SENTADO NUMA CARTEIRA escolar em Goiás, em dezembro de 2006, Paulinelly Carneiro recebeu um papel da fiscal da primeira etapa do exame da OAB. Era o gabarito da prova. Carneiro passou graças à cola, mas foi eliminado na segunda etapa, um teste discursivo feito em abril de 2007 – ele tirou zero. A tentativa mal-sucedida de virar advogado foi descoberta pela Polícia Federal e fez o candidato ser condenado em primeira instância a três anos de prisão pela compra das respostas. Onze anos depois, respondendo ao processo em liberdade, Carneiro tem uma carreira promissora. Não nos tribunais, mas na política. Está no segundo mandato de vereador, em Rialma (GO), e quer tentar um terceiro.
“Fui eleito no primeiro mandato e, mesmo com essa denúncia aí, estou no segundo”, afirmou ele. “Se for para entrar no terceiro mandato, bem. Se não for, não dependo de política para viver”, afirma o vereador, que diz ainda que irá tentar novamente este ano ser aprovado na OAB.

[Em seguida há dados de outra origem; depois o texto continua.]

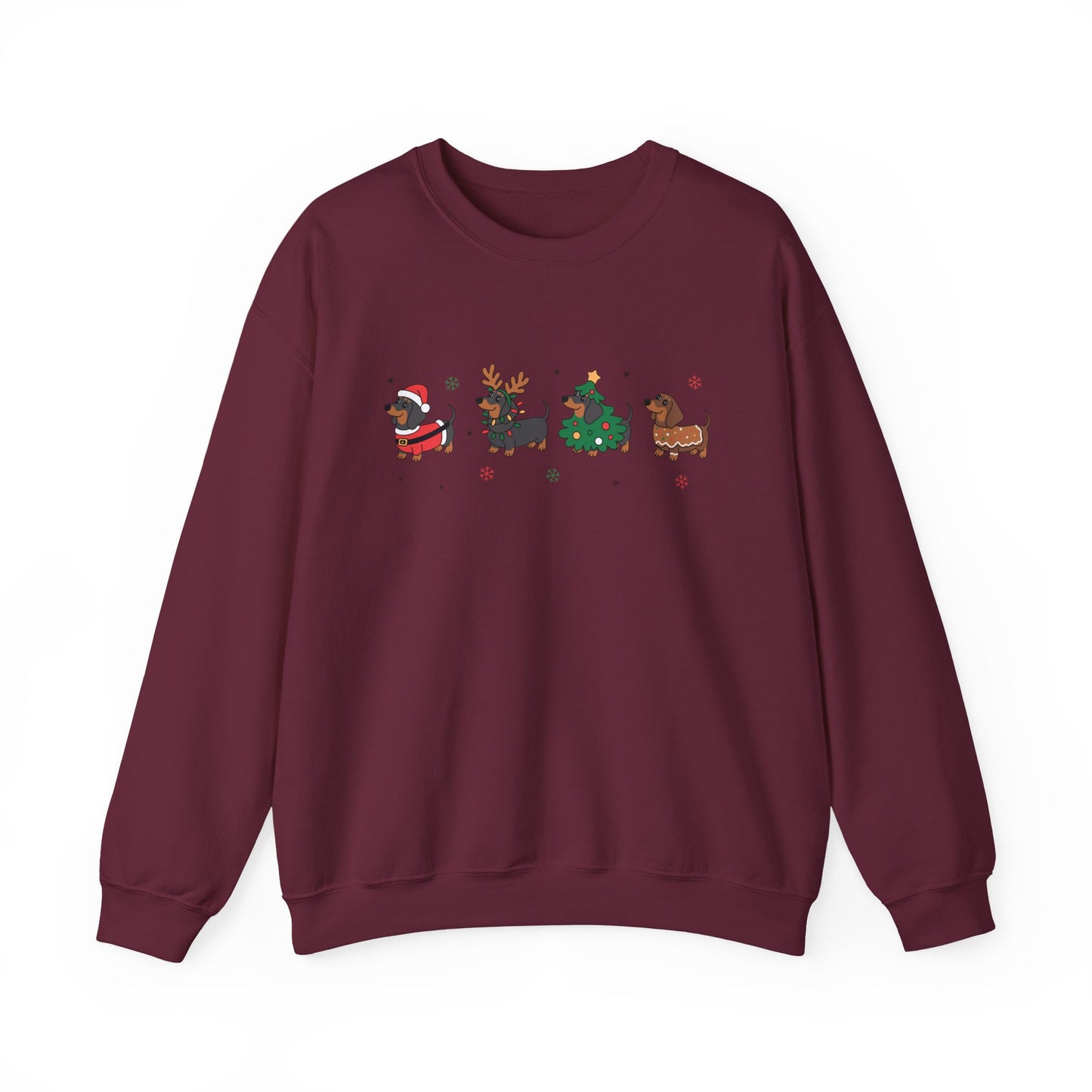 Festive Dog Christmas Crewneck Sweatshirt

Carneiro conquistou as vagas na Câmara da cidade do interior goiano impulsionado por dois slogans emblemáticos – “Certeza de mudança” (2012) e “É possível mudar a história” (2016 ). Mas isso não apagou o passado, e agora ele precisa mais uma vez lembrar daquele papel, repassado como se fosse um bilhete: o Ministério Público está pedindo a confirmação da condenação dele e de outro réu em uma das 18 ações penais da Operação Passando a Limpo, deflagrada em 2007 pela Polícia Federal.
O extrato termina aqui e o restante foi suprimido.